Of the lines below, write out exactly those from the line with "Remera Cotización De" through the line with "REAL MADRID HOME", both included, and skip the rest.
BEGIN
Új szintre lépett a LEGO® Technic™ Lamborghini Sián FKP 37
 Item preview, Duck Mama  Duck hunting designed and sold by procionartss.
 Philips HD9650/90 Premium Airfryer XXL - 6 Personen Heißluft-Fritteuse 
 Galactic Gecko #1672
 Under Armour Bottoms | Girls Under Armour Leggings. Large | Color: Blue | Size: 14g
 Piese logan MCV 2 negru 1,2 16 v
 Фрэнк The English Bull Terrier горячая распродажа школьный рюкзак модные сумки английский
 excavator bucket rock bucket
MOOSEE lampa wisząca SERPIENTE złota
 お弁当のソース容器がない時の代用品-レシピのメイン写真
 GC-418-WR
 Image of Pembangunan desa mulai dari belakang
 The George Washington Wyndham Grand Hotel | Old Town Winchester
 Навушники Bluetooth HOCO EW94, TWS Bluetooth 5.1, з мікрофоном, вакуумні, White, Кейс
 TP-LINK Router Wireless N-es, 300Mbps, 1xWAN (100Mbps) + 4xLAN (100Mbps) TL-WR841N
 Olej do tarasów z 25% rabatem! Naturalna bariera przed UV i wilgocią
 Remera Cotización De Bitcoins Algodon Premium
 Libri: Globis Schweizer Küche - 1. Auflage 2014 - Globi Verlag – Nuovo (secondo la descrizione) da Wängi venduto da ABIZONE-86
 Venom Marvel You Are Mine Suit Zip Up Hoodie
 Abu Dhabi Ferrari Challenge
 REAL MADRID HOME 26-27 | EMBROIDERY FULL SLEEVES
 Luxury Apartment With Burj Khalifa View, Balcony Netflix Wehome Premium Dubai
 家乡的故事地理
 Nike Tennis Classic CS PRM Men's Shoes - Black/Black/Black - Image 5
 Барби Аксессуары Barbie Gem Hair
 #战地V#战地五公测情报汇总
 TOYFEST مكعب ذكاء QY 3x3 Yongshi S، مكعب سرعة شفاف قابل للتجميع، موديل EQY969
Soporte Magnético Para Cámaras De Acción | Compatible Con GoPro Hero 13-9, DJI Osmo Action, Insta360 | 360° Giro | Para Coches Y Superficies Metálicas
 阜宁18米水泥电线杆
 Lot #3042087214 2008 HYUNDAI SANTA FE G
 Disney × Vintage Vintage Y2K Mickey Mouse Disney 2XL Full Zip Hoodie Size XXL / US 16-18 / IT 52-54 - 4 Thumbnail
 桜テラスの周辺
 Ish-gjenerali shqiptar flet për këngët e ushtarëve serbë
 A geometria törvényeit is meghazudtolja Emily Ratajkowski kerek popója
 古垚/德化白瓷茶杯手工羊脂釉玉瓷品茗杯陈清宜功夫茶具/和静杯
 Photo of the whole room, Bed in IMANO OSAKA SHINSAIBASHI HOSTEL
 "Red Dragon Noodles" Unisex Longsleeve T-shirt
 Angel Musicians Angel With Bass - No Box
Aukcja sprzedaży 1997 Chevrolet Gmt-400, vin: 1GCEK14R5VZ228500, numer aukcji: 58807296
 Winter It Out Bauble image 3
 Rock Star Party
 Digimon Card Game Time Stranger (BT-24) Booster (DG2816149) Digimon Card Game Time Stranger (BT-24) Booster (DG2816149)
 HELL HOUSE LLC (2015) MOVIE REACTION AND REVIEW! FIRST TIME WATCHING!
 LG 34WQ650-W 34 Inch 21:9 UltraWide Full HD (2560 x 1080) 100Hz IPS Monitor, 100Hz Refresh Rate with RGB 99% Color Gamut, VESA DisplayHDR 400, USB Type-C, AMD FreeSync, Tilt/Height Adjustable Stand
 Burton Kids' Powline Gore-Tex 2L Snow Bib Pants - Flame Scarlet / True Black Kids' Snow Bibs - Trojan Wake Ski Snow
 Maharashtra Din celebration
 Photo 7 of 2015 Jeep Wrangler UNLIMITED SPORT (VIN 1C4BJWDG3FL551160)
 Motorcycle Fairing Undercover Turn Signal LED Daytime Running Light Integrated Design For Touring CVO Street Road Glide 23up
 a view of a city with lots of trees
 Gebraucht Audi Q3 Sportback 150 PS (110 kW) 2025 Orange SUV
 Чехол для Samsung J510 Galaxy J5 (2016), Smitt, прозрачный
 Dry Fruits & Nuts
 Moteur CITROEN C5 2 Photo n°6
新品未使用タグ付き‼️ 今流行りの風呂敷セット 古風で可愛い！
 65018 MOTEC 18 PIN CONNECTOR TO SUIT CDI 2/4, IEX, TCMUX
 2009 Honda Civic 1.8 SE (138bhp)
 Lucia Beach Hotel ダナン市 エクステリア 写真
END
**Solution to the exercise**
 Remera Cotización De Bitcoins Algodon Premium
 Libri: Globis Schweizer Küche - 1. Auflage 2014 - Globi Verlag – Nuovo (secondo la descrizione) da Wängi venduto da ABIZONE-86
 Venom Marvel You Are Mine Suit Zip Up Hoodie
 Abu Dhabi Ferrari Challenge
 REAL MADRID HOME 26-27 | EMBROIDERY FULL SLEEVES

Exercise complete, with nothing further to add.